Le monde de l’éducation peut-il faire confiance à la NUPES ?

Igor Krasno

La dégradation de la situation dans les établissements scolaires après des décennies de casse du service public d’éducation et le quinquennat Blanquer n’est un secret pour personne. Face à cette situation désastreuse, le monde de l’éducation peut-il néanmoins se satisfaire des promesses électorales de la NUPES ?

[En illustration, François Mitterrand rendant visite à un "atelier informatique" en 1988]

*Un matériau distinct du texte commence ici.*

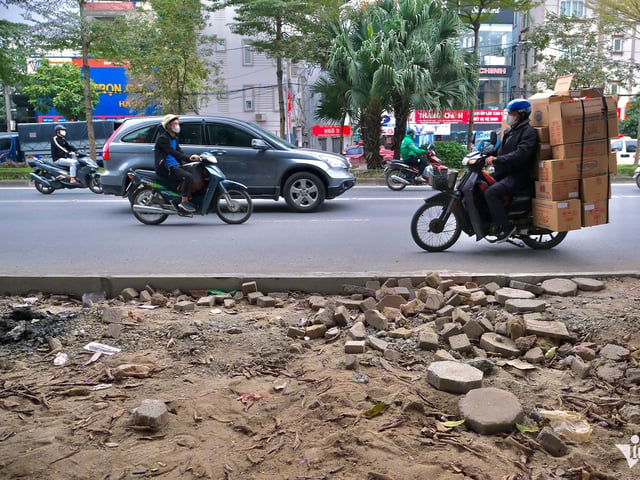 Ảnh bìa bài viết 1004333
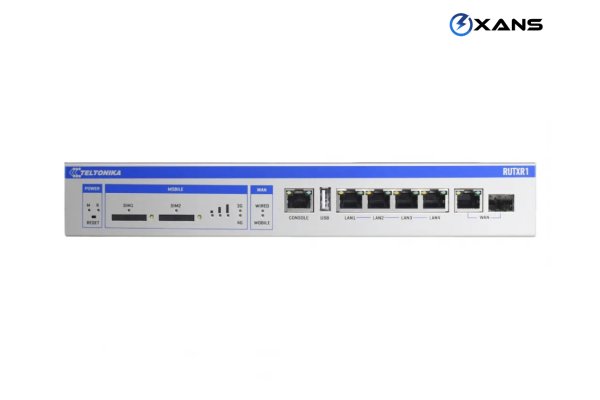 TELTONİKA RUTXR1, 4G CAT6A ROUTER, ŞƏBƏKƏ AVADANLIQLARI, ONLİNE ROUTER SİFARİŞİ, UCUZ ROUTER SATIŞI, WIFI ROUTER TELTONİKA RUTXR1, 4G CAT6A ROUTER, ŞƏBƏKƏ AVADANLIQLARI, ONLİNE ROUTER SİFARİŞİ, UCUZ ROUTER SATIŞI, WIFI ROUTER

Le monde de l’éducation, enjeu électoral et d’électorat

Le président Macron fraichement élu et son gouvernement 2.0 dirigé par Elisabeth Borne ne vont pas changer de cap. Au-delà de certains correctifs qui seront apportés aux éléments les plus déstructurants (et parfois contre-productifs) du blanquérisme, la poursuite des contre-réformes de l’Education est bien leur objectif, malgré la nomination du nouveau ministre, Pap Ndiaye, caution de gauche du pouvoir, nommé précisément pour apaiser le monde de l’éducation et tenter de restaurer la confiance des personnels après un quinquennat marqué par le mépris, les attaques et la répression. L’autre élément, à court terme, celui-là, est de tenter de limiter le vote pour la Nouvelle Union Populaire Ecologique et Sociale (NUPES) au sein du monde éducatif, personnels et enseignant.e.s ayant été, historiquement, l’un des socles électoraux de la gauche dans ce pays, et ayant pour partie voté Mélenchon lors des dernières présidentielles et pour les autres candidats de gauche, largement surreprésentés au sein du vote des quelque 860.000 personnels de l’Education par rapport à leur score au niveau national. [1]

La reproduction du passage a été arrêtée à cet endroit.